- From: Michael A. Peters <mpeters@mac.com>
- Date: Tue, 10 Mar 2009 02:04:32 -0700
- To: html-tidy@w3.org
I've used the stand alone executable in the past (Linux) when I came across documentation for something that didn't parse in my browser, and it worked beautifully for that, but I am using tidy in a program now for the first time. A JavaScript book I bought years ago had a CDROM full of stuff that seemed IE centric and simply displayed funny - which surprised me because the author of the book was all about standards. I guess he didn't author the demo CDROM. tidy cleaned up a lot of issues with the demo CD, so I'm very grateful and have seen the power of tidy. I'm attempting to write my first php class, inspired by http://people.mozilla.org/~bsterne/content-security-policy/ (CSP from here on out) Essentially what I am trying to do is write a class that implements CSP on the server BEFORE the page is sent to the user. I'm doing this by walking the DOM (via DOMDocument) and removing stuff that would not be allowed by the specified CSP. The first thing the class does though is run it through tidy, as really bad html can be problematic when loading into a DOMDocument object. After going through tidy the class eats the html into the DOMDocument object. When writing intentionally bad html to test it and figure out the best set of default parameters, I noticed that if I have, say, a superfluous <title>something</title> tag somewhere, tidy will put it in the head after the first title tag, when the behavior I would prefer is that tidy just delete it. Is there a config option I am missing, or is that not supported?

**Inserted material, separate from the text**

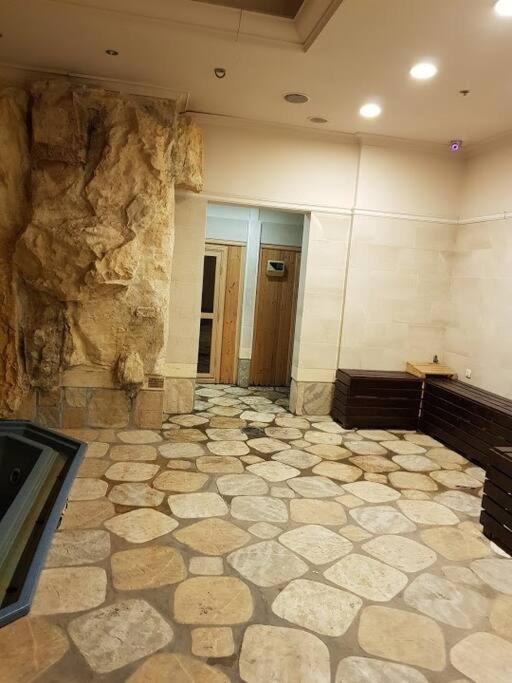 La-Palmore Luxury Apart-Residense Resort With Pool First Line Sea Side Ейлат Екстериор снимка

I can clean such stuff up myself through the DOM manipulation I do after eating the cleaned HTML but if there is a way to have tidy do it (specifically the version that ships with CentOS 5 - libtidy-0.99.0-14.20070615.el5 - that would be preferable as I wouldn't then be writing code for what already exists in a class I am already using.
Received on Tuesday, 10 March 2009 09:21:17 UTC